Cap. 02: A Grande Expansão.
I.
(P. 54) As transformações e expansões econômicas dos anos que medeiam entre 1848 e o inicio da década de 1870, constituem o assunto principal deste capitulo. Foi o período no qual o mundo tornou-se capitalista e uma minoria significativa de paises “desenvolvidos” transformou-se em economias industriais. Com uma expansão que viria a ser a mais espetacular ocorrida até então, sobretudo por ter sido temporariamente impedida pelos eventos de 1848. As revoluções haviam sido precipitadas pela ultima e talvez maior das crises econômicas do tipo antigo pertencentes a um mundo que dependia da sorte nas colheitas. (...)
O novo mundo do “ciclo do comércio”, tinha seu próprio padrão de flutuações econômicas e suas próprias dificuldades seculares. O grande salto a frente estava apenas começando. Podemos datar a grande expansão a partir de 1850. O que se seguiu foi tão extraordinário, que não teve precedente. Nunca, por exemplo, as exportações inglesas cresceram tão rapidamente quanto nos primeiros 7 anos da década de 1850.
(P. 55) O que tornou essa expansão tão satisfatória foi a combinação de capital barato e um rápido aumento de preços entre os períodos de 1848 e 1850 e o ano de 1857. Os lucros aparentemente à espera de produtores, comerciantes e investidores apresentavam-se irresistíveis. E os homens de negócios não eram os únicos a lucrar, a taxa de emprego cresceu aos saltos tanto na Europa como no resto do mundo.
(P. 56) O grande aumento no custo dos cereais entre 1853 e 1855 não mais precipitou tumultos. A alta taxa de emprego e a presteza em conceder aumentos salariais temporários onde fosse necessário apagaram o descontentamento popular. Essa expansão proporcionou aos governos sacudidos pela revolução um espaço para respirar e destroçou as esperanças dos revolucionários.
(P. 57) Esse período de calma chegou ao fim com a depressão de 1857. Economicamente falando, tratava-se apenas de uma interrupção da era de ouro do crescimento capitalista, que continuou numa escala ainda maior na década de 1860 e atingiu seu clímax na expansão ocorrida entre 1871 e 1873.

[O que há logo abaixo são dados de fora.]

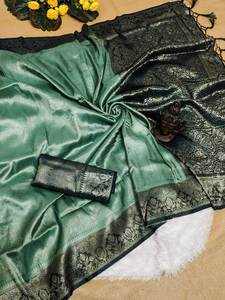 Sari Pre-Drapeado de Diseño Tradicional con Blusa, Inspirado en Celebridades, de Seda Suave, con Hermoso y Rico Trabajo en el Pallu, de 6.3 Metros de Largo - Product Image 4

Politicamente, ele transformou a situação, mas logo reanimou-se. Em pouco tempo, todas as velhas questões da política liberal voltaram a ordem do dia. Apesar de interrompida por diversos fatores externos, como a guerra civil americana de 1861 a 1865, a década de 1860 foi, do ponto de vista econômico, relativamente estável. Em resumo, a política ganhou novo ânimo num período de expansão, mas já não era a política d revolução.
II.
(P. 58) Quais eram as razões desse progresso? Por que a expansão econômica foi tão acelerada nesse período? Na primeira metade do século XIX existia o contraste entre o enorme e crescente potencial produtivo da industrialização capitalista e sua incapacidade de quebrar as correntes que a prendiam. Nenhuma industrialização poderia fornecer emprego para a vasta e crescente “população excedente” dos pobres. Por essa razão, as décadas de 1830 e 1840 haviam sido um período de crise.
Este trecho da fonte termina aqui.